E invece subito, dal principio, appena la luce colpisce il bicchiere riverberando attorno i riflessi del vino, ti accorgi che questo compagno non potrà essere discreto, né tanto meno silente. Magnetico fin dallo sfavillante cromatismo esige una compunta, totale attenzione.
Del colore immediatamente conquista la densità del pigmento, così lieve da esaltare una rossa trasparenza. Scorre con leggerezza, con un garbo inusitato. Accosto il naso al calice. Il profumo è vivo, fragrante, gioioso. Mi ricorda l’uva un poco acidula ma è tutto intessuto di fiori, propoli, avvolto in una freschezza balsamica e mentolata.
Un connubio di Merlot e Cabernet Sauvignon, ma non li riconosco. Gli odori sfuggono a qualsiasi catalogazione, si sprigionano con esuberante dinamismo, si susseguono cangianti. Ecco affiorare il frutto, piccole bacche selvatiche, ribes, fragoline, mirtilli in un tripudio di suggestioni olfattive. Rammentano l’impronta del Collio? Non so. Ritrovo certamente l’impronta di un uomo, di uno stile, di un pensiero. La sua coerenza. Emergono sbuffi di terra e sasso. Seducenti suggestioni che vorrebbero spingermi alla resa.
Resisto. Sovente un naso leggiadro illude, soltanto per dare nel sorso una cocente delusione. Resisto, e assaggio. Mi sovvengono ricordi di fermentazioni spontanee, lieviti selvaggi, chiarificazioni e filtrazioni bandite, solforose ai minimi sindacali. Penso alla terra sana, non spogliata, vezzeggiata in un approccio che oggi chiamiamo biologico ma che è solamente, come direbbe Venditti, amore.

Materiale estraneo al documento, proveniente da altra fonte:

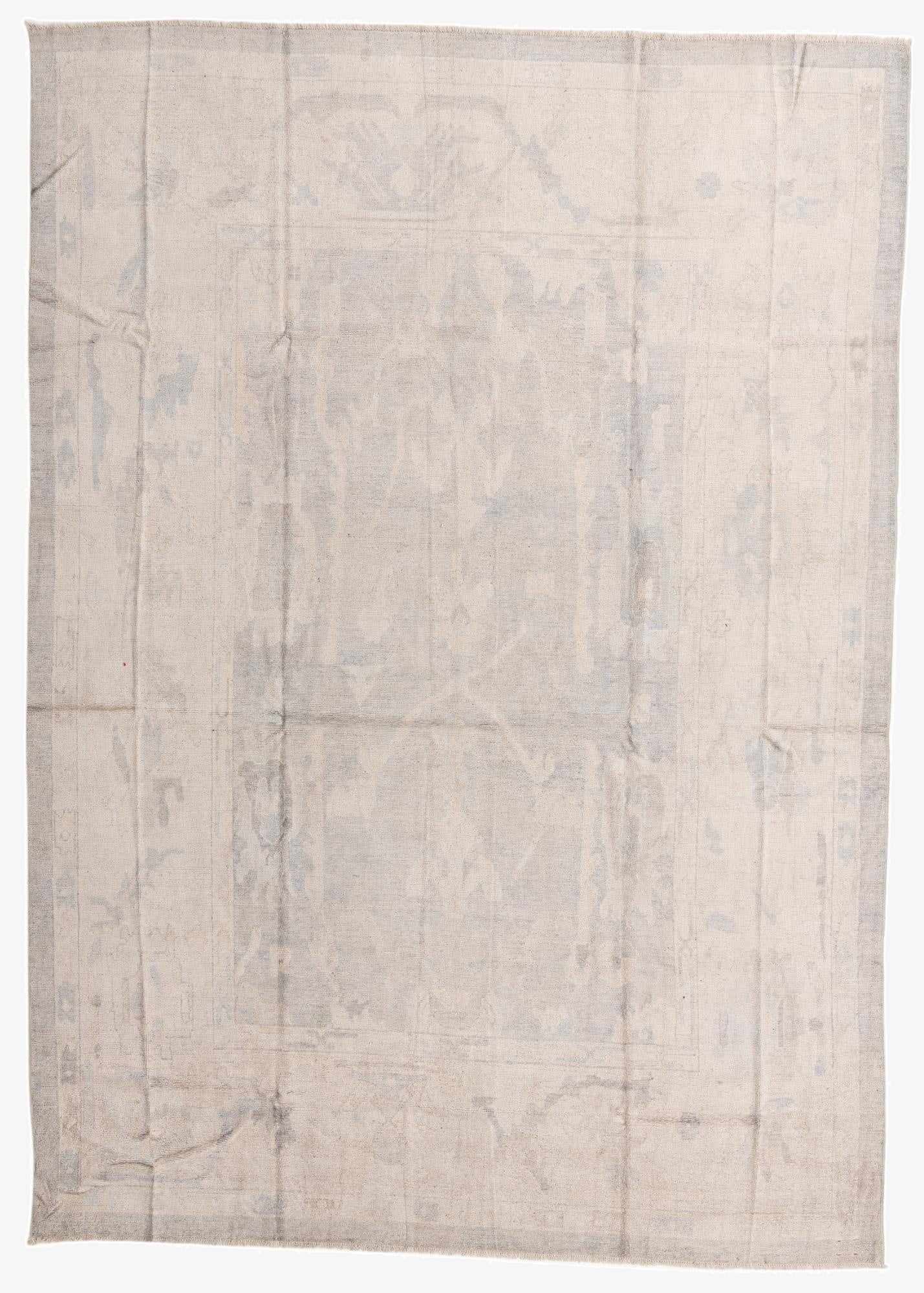 9' 7 x 13' 4  Hand Knotted Oushak Wool Rug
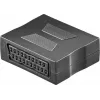 Wentronic Goobay adaptador SCART, conector hembra SCART a conector hembra SCART, 21 pines, negro 50771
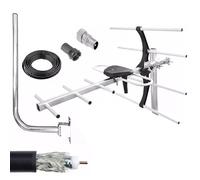 4G-5G Outdoor Loft TV Aerial Antenna Kit Freeview HD External Long Range TV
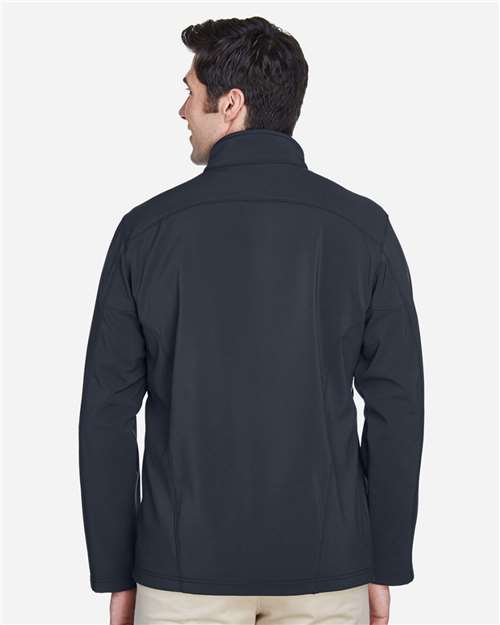 CORE365 88184 Men's Cruise Two-Layer Fleece Bonded Soft Shell Jacket - Back view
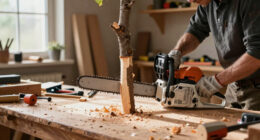 Felling Small Trees on Target: Notch Angles, Hinge Wood and Escape Routes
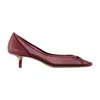 Jacquemus Tourni B Pumps In Burgundy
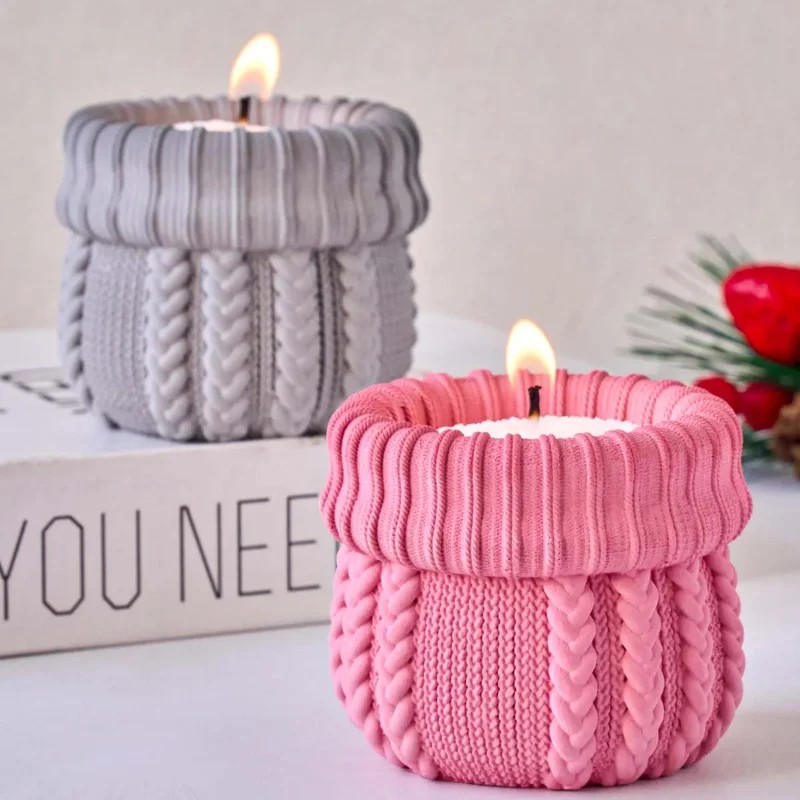 Molde de silicona para tarro d - Candle Making Yarn reseña y precio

Il sorso vibra agilissimo, quasi puntuto al principio, per poi espandersi in bocca come un leggiadro fiume, pregno di un’anima ricca, generosa, sapida. Un flusso, un danzare di aromi intrecciati… succo d’uva, frutti rossi, pietre sbriciolate e ricordi di bosco. Il corpo è materico, eppur lieve. Equilibrio, armonia, intensità paiono d’un tratto categorie vuote e inutili. Rifulge qualcosa nel liquido che non può, non vuole, non deve venire ingabbiato. Ha tempra rustica, il tono dell’artigianalità di un tempo, che dona purezza. Ancora un sorso e tutto si cangia, si amplifica, si distende, in una ipnotica sinfonia d’espressione.
Spulcio la rete, scorro le enoteche digitali e i loro slogan didascalici… vino base, vino quotidiano, entry level. Quante volte ho usato io stesso – anche ieri, anche oggi – simili locuzioni. Forse esse trovano ragione d’essere nel campionario di un piazzista, che sciorina tutta la gamma in assortimento ai potenziali acquirenti. Ma non dovrebbero trovare spazio sulle pagine o sulla bocca di un semplice, appassionato narratore. Perchè quando il vino tocca le corde dell’emozione, le categorie intellettuali crollano. Vengono meno gli schemi, le classificazioni. Esiste soltanto l’estatico momento, il contingente vissuto. Che va trasmesso con l’afflato del poeta, unico testimonio attendibile di tanta, incommensurabile gioia. O con il meravigliato stordimento di chi ha appena preso una bottigliata nel cuore.